In the words of His Lordship Mohamed Azmi J:
“The question therefore arises as to the true interpretation of proviso (a) to Article 152(1) (of the Federal Constitution). Having regard to the words used in the proviso, ‘teaching or learning any other language’ as opposed to ‘teaching or learning in any other language’, I tend to agree with the restricted meaning as enunciated by Abdoolcader J. when dealing with schools or other educational institutions.
“In my view, under proviso (a), although the national language shall be the Malay language, the usage of any other language other than for official purposes, is guaranteed; so is the teaching or learning of any other language in schools, be it Chinese, Tamil, Arabic or English. But there is nothing in proviso (a) to justify the extension of the protection to the operation of schools where the medium of instruction is Chinese, Tamil, Arabic or English.
“This strict interpretation is consistent with proviso (b) which guarantees the right of the federal government or any state government to preserve and sustain the use and study of the language of any other community in the federation.
“Thus, the preservation and sustenance of usage of language of any other community is guaranteed. So is the preservation and sustenance of study of any other community’s language, but again there is no justification in extending the guarantee to the preservation and sustenance of study in the language of any other community in the absence of specific words to that effect.
“Any other interpretation of proviso (a) would result in abusing the words used in the proviso. It is absurd for instance to think that the proviso gives constitutional protection to teaching or learning in school where the medium of instruction is Russian or Japanese.
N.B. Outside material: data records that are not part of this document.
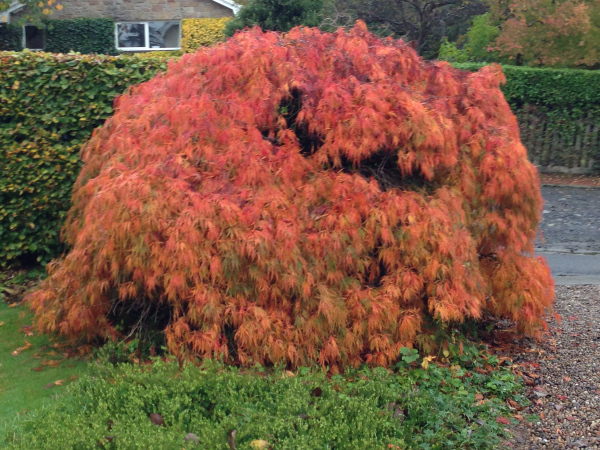 An Acer ablaze with autumn colour.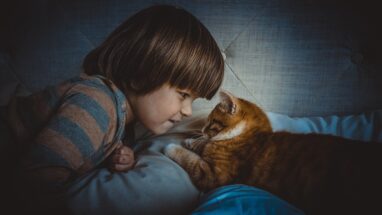 Çocuklar İçin En İyi Kedi Cinsleri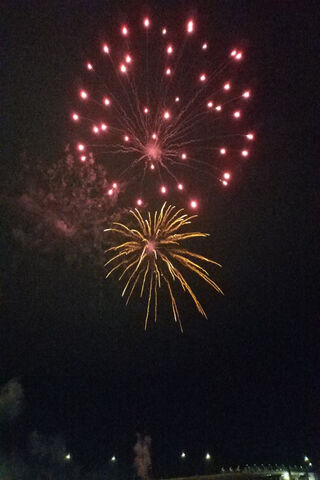 Celebration in the Sky: Fourth of July Fireworks 🎆🇺🇸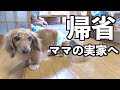 【ママの実家】犬嫌いの父の居る実家へ愛犬を連れて帰りました【カニンヘンダックスえびすの日常】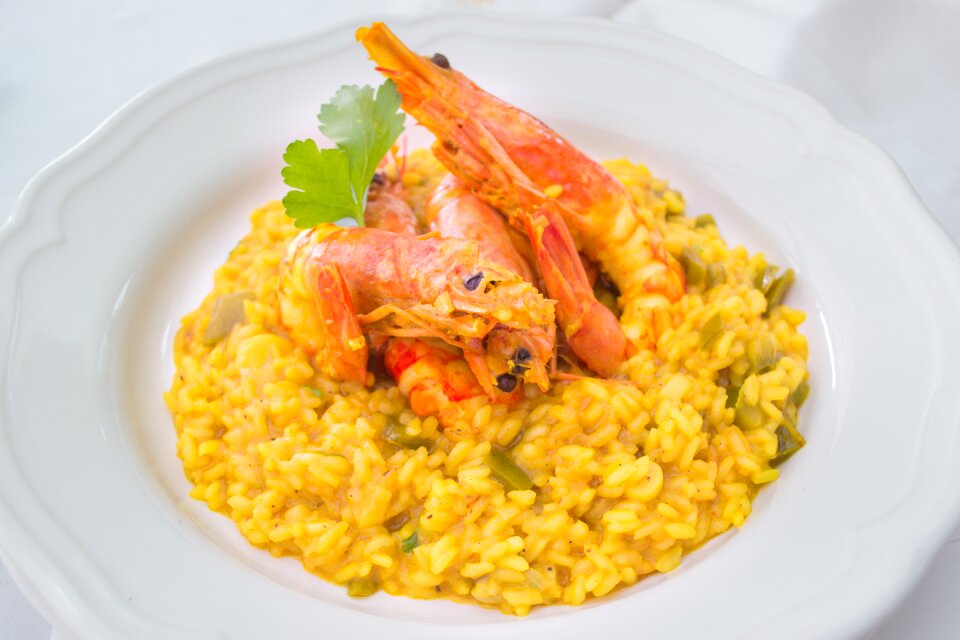 Shrimps prawns sea food
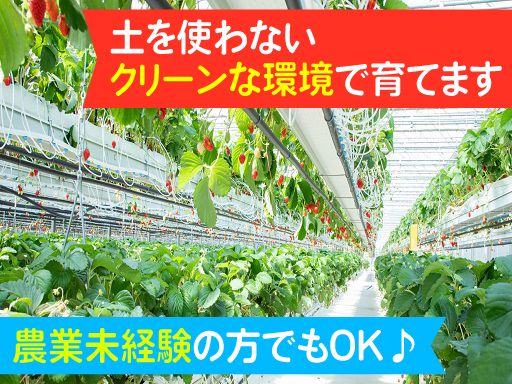 磐南ファーム　株式会社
“To my mind, the protection only extends to language but not to medium of instruction in schools. In other words, no person shall be prohibited or prevented from teaching or learning Chinese or Tamil or, for that matter, any language which is not the national language in any school as a language subject, but such protection does not extend to the teaching or learning in a school where the teaching or learning is in any other language.
“As correctly stated by Abdoolcader J., the omission of the preposition ‘in’ after the words ‘teaching or learning’ in proviso (a) makes the distinction necessary. In the event, it is my finding that the accused is not guilty of sedition when he advocates for the closure of Tamil or Chinese schools. Whether or not such closure is advisable or feasible is, of course, another matter to be decided elsewhere and not in this court. There is nothing unlawful in allowing Chinese or Tamil schools to continue.”
Thus it is clear as daylight that while advocating the amendment of Article 152 of the Federal Constitution, which Koding did, was and still is seditious, his questioning of Chinese and Tamil schools was and is not.
In conclusion, it may be said with absolute certainty that with due respect to Li, his assertion that Mohamad Azmi committed the offence of sedition when he called for a debate on the possible closure of Chinese and Tamil schools at the coming Umno general assembly is wholly without basis and incorrect, simply because there isn’t a constitutional right to the schools as claimed in the first place.
Further, the legal precedent set by Koding’s case is not authority for the notion that questioning the existence of the schools is sedition. Quite the contrary, in fact.
Thus Mohamad Azmi can safely rest assured that raising the status of Chinese and Tamil schools at the said assembly for whatever deliberation is not sedition but rather is within his right to freedom of speech protected by no less than Article 10 of the Federal Constitution of Malaysia.
* Faidhur Rahman Abdul Hadi is a lawyer practising in Hartamas Heights, Kuala Lumpur and an activist member of Concerned Lawyers for Justice.